From: Pavel Begunkov <asml.silence@gmail.com>
To: io-uring@vger.kernel.org, netdev@vger.kernel.org,
linux-kernel@vger.kernel.org
Cc: Jakub Kicinski <kuba@kernel.org>,
Jonathan Lemon <jonathan.lemon@gmail.com>,
"David S . Miller" <davem@davemloft.net>,
Willem de Bruijn <willemb@google.com>,
Eric Dumazet <edumazet@google.com>,
David Ahern <dsahern@kernel.org>, Jens Axboe <axboe@kernel.dk>,
Pavel Begunkov <asml.silence@gmail.com>
Subject: [RFC v2 00/19] io_uring zerocopy tx
Date: Tue, 21 Dec 2021 15:35:22 +0000 [thread overview]
Message-ID: <cover.1640029579.git.asml.silence@gmail.com> (raw)
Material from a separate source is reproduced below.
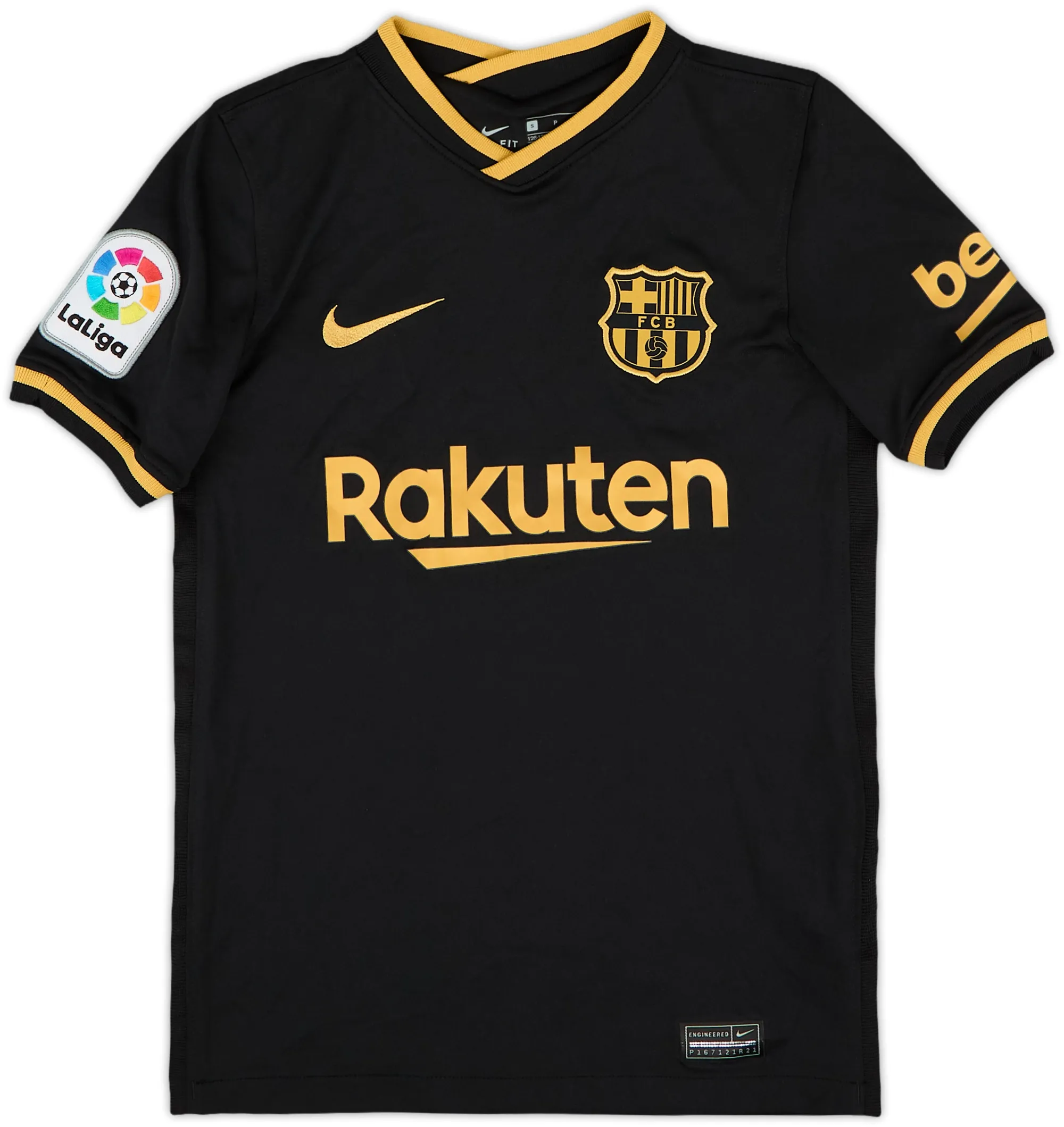 Nike Barcelona Boys SS Away Shirt 2020/21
Update on io_uring zerocopy tx, still RFC. For v1 and design notes see
https://lore.kernel.org/io-uring/cover.1638282789.git.asml.silence@gmail.com/
Absolute numbers (against dummy) got higher since v1, + ~10-12% requests/s for
the peak performance case. 5/19 brought a couple of percents, but most of it
came with 8/19 and 9/19 (+8-11% in numbers, 5-7% in profiles). It will also
be needed in the future for p2p. Any reason not to do alike for paged non-zc?
Small (under 100-150B) packets?
Most of checks are removed from non-zc paths. Implemented a bit trickier in
__ip_append_data(), but considering already existing assumptions around "from"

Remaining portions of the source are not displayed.